The copy you return must match the listing word for word and carry no pictures.

Provided data:
____
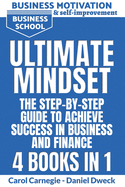 Ultimate Mindset - The Step by Step Guide to Achieve Success in Business and Finance: How to Use your Mind to Achieve your Dreams-Money Management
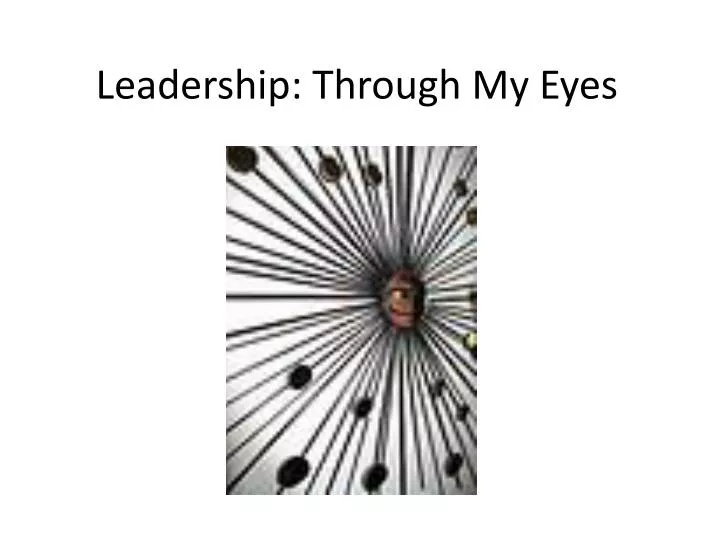 leadership through my eyes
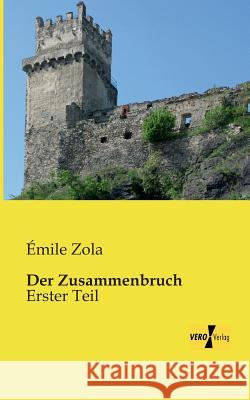 Der Zusammenbruch: Erster Teil Émile Zola 9783957380418 Vero Verlag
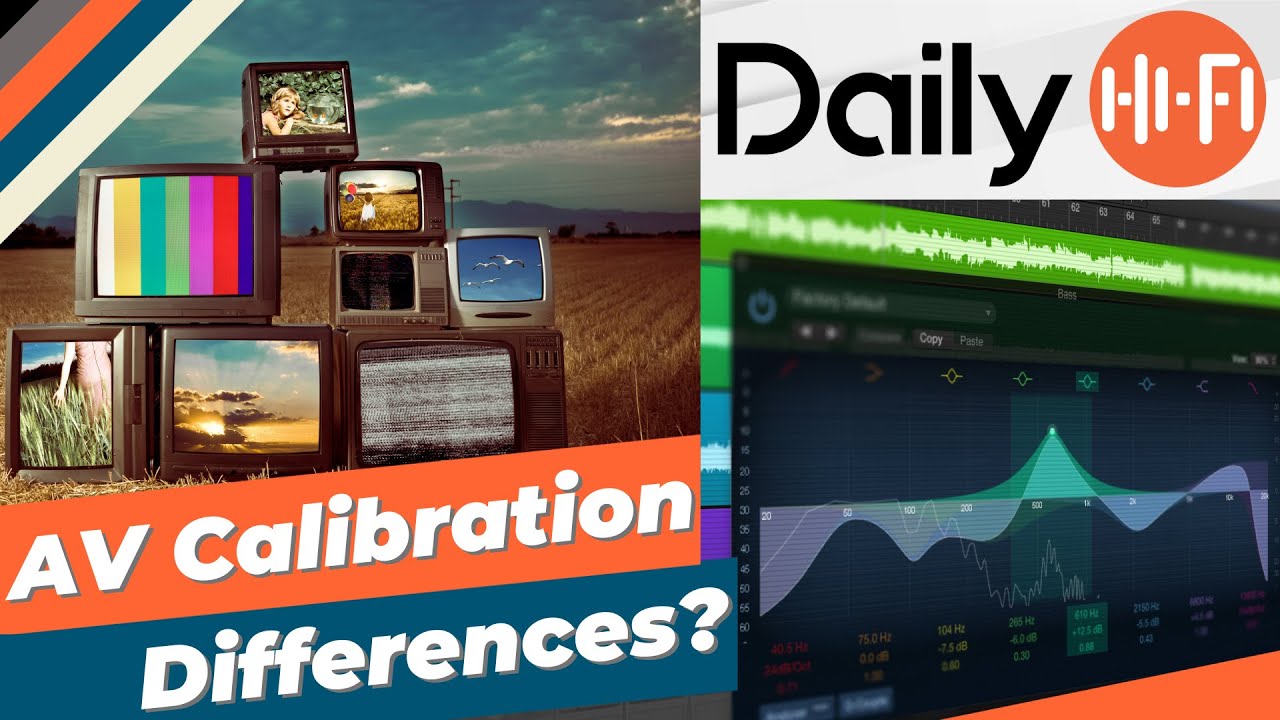 Audio And Video Calibration Differences And Examples! YouTube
____
Response to the task:
 Ultimate Mindset - The Step by Step Guide to Achieve Success in Business and Finance: How to Use your Mind to Achieve your Dreams-Money Management
 leadership through my eyes
 Der Zusammenbruch: Erster Teil Émile Zola 9783957380418 Vero Verlag
 Audio And Video Calibration Differences And Examples! YouTube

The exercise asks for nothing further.